___ SUPPLIED DATA

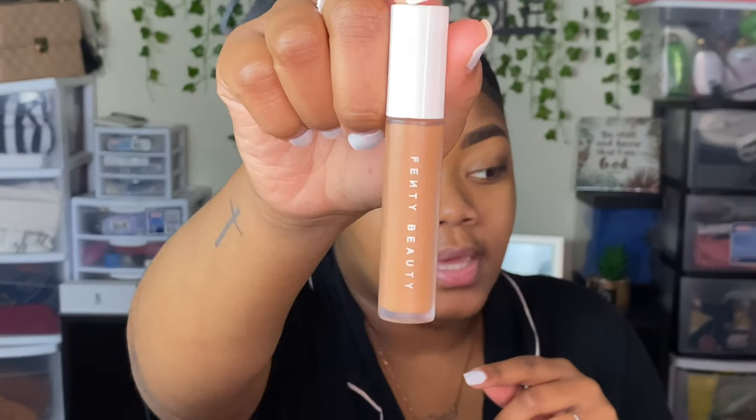I'm going to be concealing and contouring first. I'm using the Fenty concealer in shade 385 — that's the shade I normally use with her hydrating foundation. It matches my face perfectly, though for my neck and chest it's a tad bit too light. I feel like I have to work fast with this concealer because it dries down very fast.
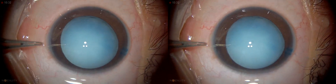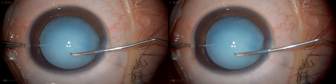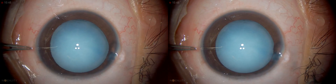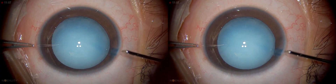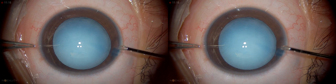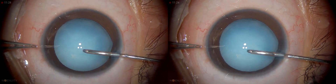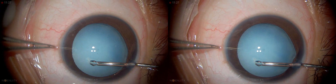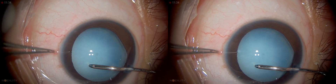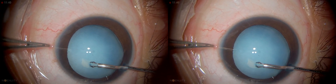You can always rotate this globe in whichever direction you want with the second instrument. This is extremely important. To begin the capsulorrhexis, I make an initial nick like that. Then I use capsulorrhexis forceps — you can see it has a good grasp. It's oriented vertically downward, which makes the capsulorrhexis a little bit easier. If it is horizontal you might have to bend it. I'm going to enter and grab — this is the initial opening.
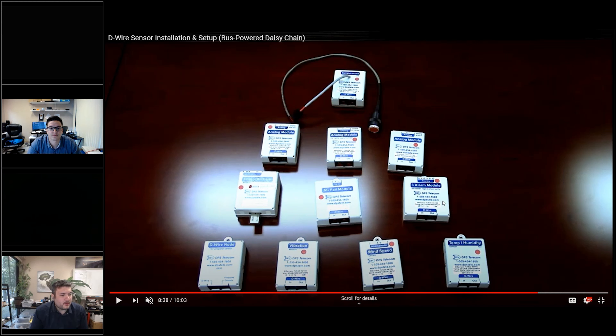On the right in the middle here, there's a three alarm module. This one is really just three discrete points on a D-wire node. It's good if you run out of inputs, or if you just want to have something like a hundred feet away without having to run a bunch of wire — you just run the one D-wire and you can have those three discrete points.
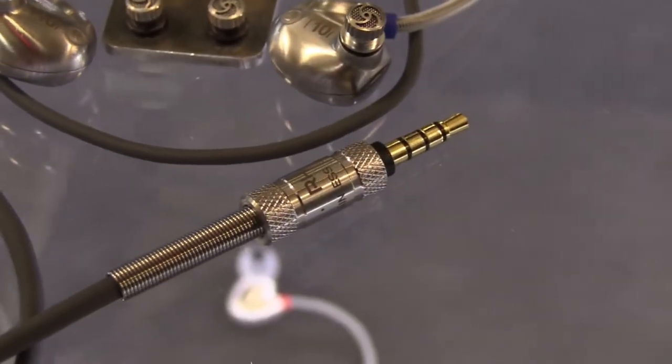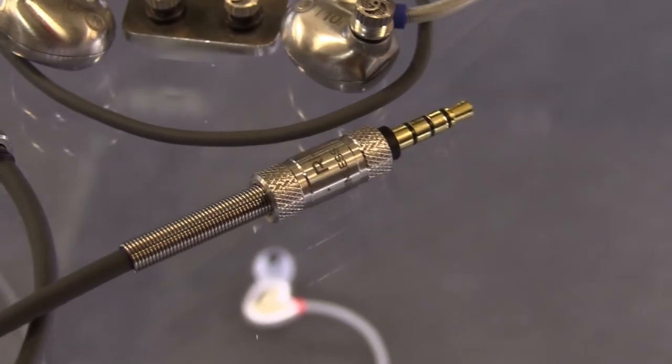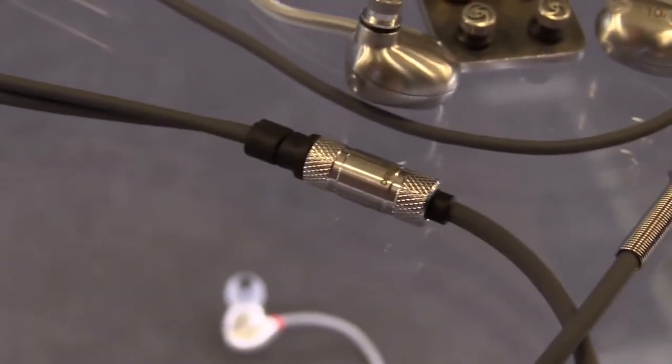The cable is taking its inspiration from high-end hi-fi cables. We wanted to make a very thick, very durable cable. It has a lot of oxygen-free copper cores in it, so it's very good at relaying the sound and it's not going to corrode at all. Same with the jack. It's inspired by high-end, full-size hi-fi, but we wanted to bring that to portable audio.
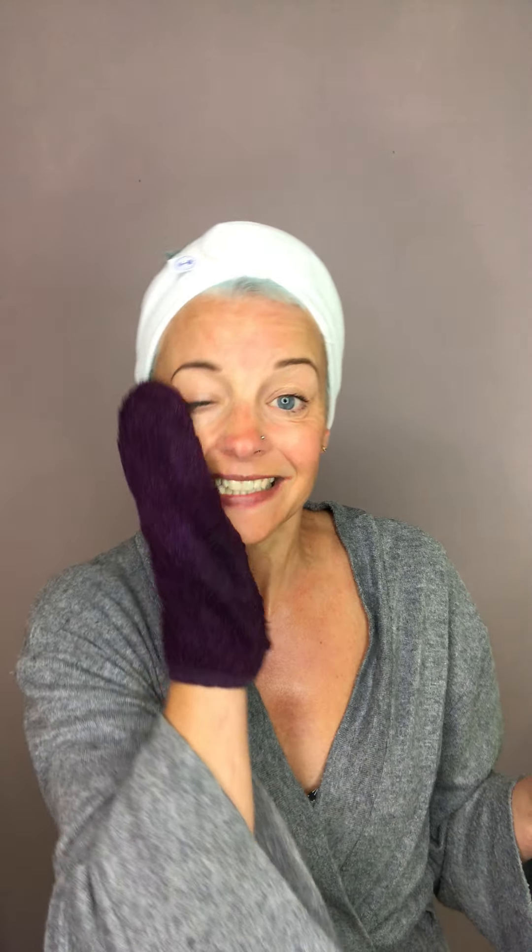Don't think, oh my god, I'm having a massive reaction to the products — it's not. It's just your skin going, wow, what's going on. It's just getting rid of all that dead surface skin, so you should feel even more cleaner now.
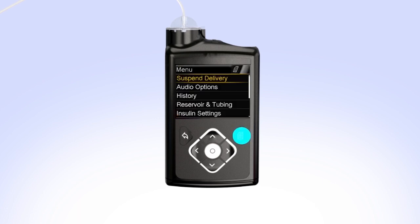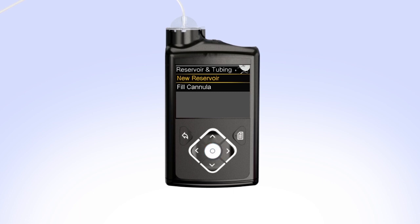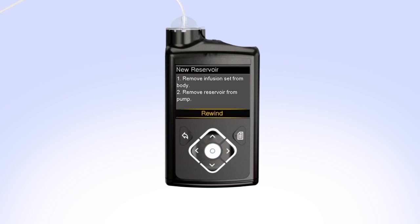To begin, press Menu. Then press down to Reservoir and Tubing and press Select. Select New Reservoir. The pump will instruct you to remove the infusion set from your body and to remove the reservoir from the pump.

______

Please repeat all of the data exactly, excluding images.

I'm going to be concealing and contouring first. I'm using the Fenty concealer in shade 385 — that's the shade I normally use with her hydrating foundation. It matches my face perfectly, though for my neck and chest it's a tad bit too light. I feel like I have to work fast with this concealer because it dries down very fast.
You can always rotate this globe in whichever direction you want with the second instrument. This is extremely important. To begin the capsulorrhexis, I make an initial nick like that. Then I use capsulorrhexis forceps — you can see it has a good grasp. It's oriented vertically downward, which makes the capsulorrhexis a little bit easier. If it is horizontal you might have to bend it. I'm going to enter and grab — this is the initial opening.
On the right in the middle here, there's a three alarm module. This one is really just three discrete points on a D-wire node. It's good if you run out of inputs, or if you just want to have something like a hundred feet away without having to run a bunch of wire — you just run the one D-wire and you can have those three discrete points.
The cable is taking its inspiration from high-end hi-fi cables. We wanted to make a very thick, very durable cable. It has a lot of oxygen-free copper cores in it, so it's very good at relaying the sound and it's not going to corrode at all. Same with the jack. It's inspired by high-end, full-size hi-fi, but we wanted to bring that to portable audio.
Don't think, oh my god, I'm having a massive reaction to the products — it's not. It's just your skin going, wow, what's going on. It's just getting rid of all that dead surface skin, so you should feel even more cleaner now.
To begin, press Menu. Then press down to Reservoir and Tubing and press Select. Select New Reservoir. The pump will instruct you to remove the infusion set from your body and to remove the reservoir from the pump.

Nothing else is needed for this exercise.